The inspection found that unauthorized access to medications could result in theft, diversion, or inappropriate consumption by residents or visitors. Controlled substances on the unlocked carts included narcotics and other drugs with potential for abuse.

Medication carts typically contain dozens of prescription drugs for multiple residents, including pain medications, psychiatric drugs, and other controlled substances. An unlocked cart represents a significant security vulnerability.

The facility's administrator acknowledged conducting regular rounds to verify cart security, but these checks failed to prevent the violations observed by federal inspectors during a single morning visit.

The inspection classified the violations as having "minimal harm or potential for actual harm" affecting "few" residents. However, the security breaches exposed all facility residents to risks from improperly stored medications.

Federal regulations require nursing homes to store all drugs and biologicals in locked compartments, with separate locks for controlled substances.

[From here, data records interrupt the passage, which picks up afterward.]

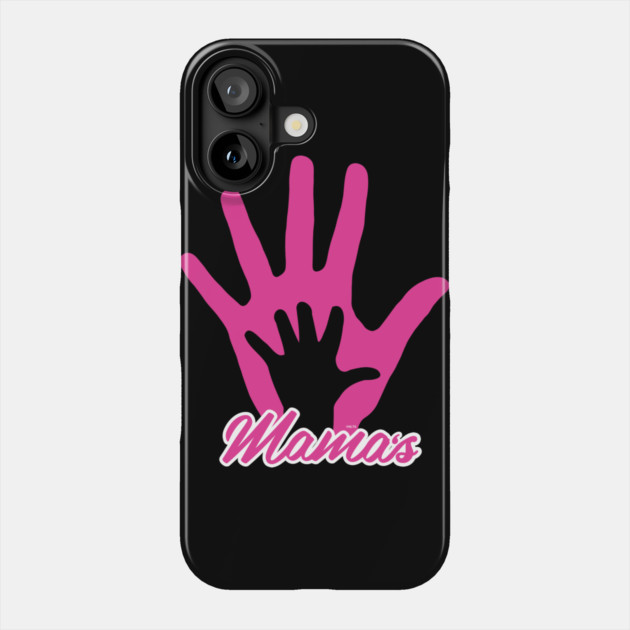 Mamas Hand Phone Case by creative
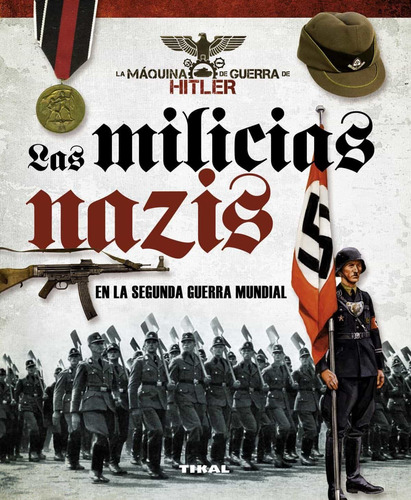 Las Milicias Nazis Segunda Guerra Mundial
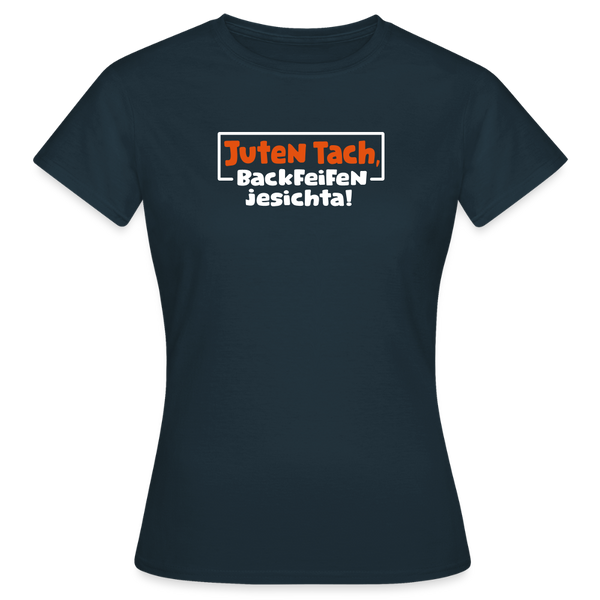 Juten Tach, Backfeifenjesichta! - Frauen Premium T-Shirt - Navy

The violations at Cypress Creek demonstrate how routine medication distribution can compromise security when staff fail to follow established protocols.

Full Inspection Report

The details above represent a summary of key findings. View the complete inspection report for Cypress Creek Rehabilitation and Healthcare Center from 2026-01-30 including all violations, facility responses, and corrective action plans.

Additional Resources

🏥 Editorial Standards & Professional Oversight

Data Source: This report is based on official federal inspection data from the Centers for Medicare & Medicaid Services (CMS).

Editorial Process: Content generated using AI (Claude) to synthesize complex regulatory data, then reviewed and verified for accuracy by our editorial team.

Professional Review: All content undergoes standards and compliance oversight by Christopher F. Nesbitt, Sr., NH EMT & BU-trained Paralegal, using professional regulatory data auditing protocols.

Medical Perspective: As emergency medical professionals, we understand how nursing home violations can escalate to health emergencies requiring ambulance transport. This analysis contextualizes regulatory findings within real-world patient safety implications.

Last verified: May 6, 2026 | Learn more about our methodology

📋 Quick Answer

Cypress Creek Rehabilitation and Healthcare Center in Cypress, TX was cited for violations during a health inspection on January 30, 2026.

The unlocked cart was discovered at 7:18 a.m.

What this means: Health inspections identify deficiencies that facilities must correct. Violations range from minor documentation issues to serious safety concerns. Review the full report below for specific details and facility response.

Frequently Asked Questions

What happened at Cypress Creek Rehabilitation and Healthcare Center?
The unlocked cart was discovered at 7:18 a.m.
How serious are these violations?
Violation severity varies from minor documentation issues to serious safety concerns. Review the inspection report for specific deficiency codes and scope. All violations must be corrected within required timeframes and are subject to follow-up verification inspections.
What should families do?
Families should: (1) Ask facility administration about specific corrective actions taken, (2) Request to see the follow-up inspection report verifying corrections, (3) Check if this represents a pattern by reviewing prior inspection reports, (4) Compare this facility's ratings with other nursing homes in Cypress, TX, (5) Report any new concerns directly to state authorities.
Where can I see the full inspection report?
The complete inspection report is available on Medicare.gov's Care Compare website (www.medicare.gov/care-compare). You can also request a copy directly from Cypress Creek Rehabilitation and Healthcare Center or from the state Department of Health. The report includes specific deficiency codes, facility responses, and correction timelines. This facility's federal provider number is 676467.
Has this facility had violations before?
To check Cypress Creek Rehabilitation and Healthcare Center's history, visit Medicare.gov's Care Compare and review their inspection history, quality ratings, and staffing levels. Look for patterns of repeated violations, especially in critical areas like abuse prevention, medication management, infection control, and resident safety.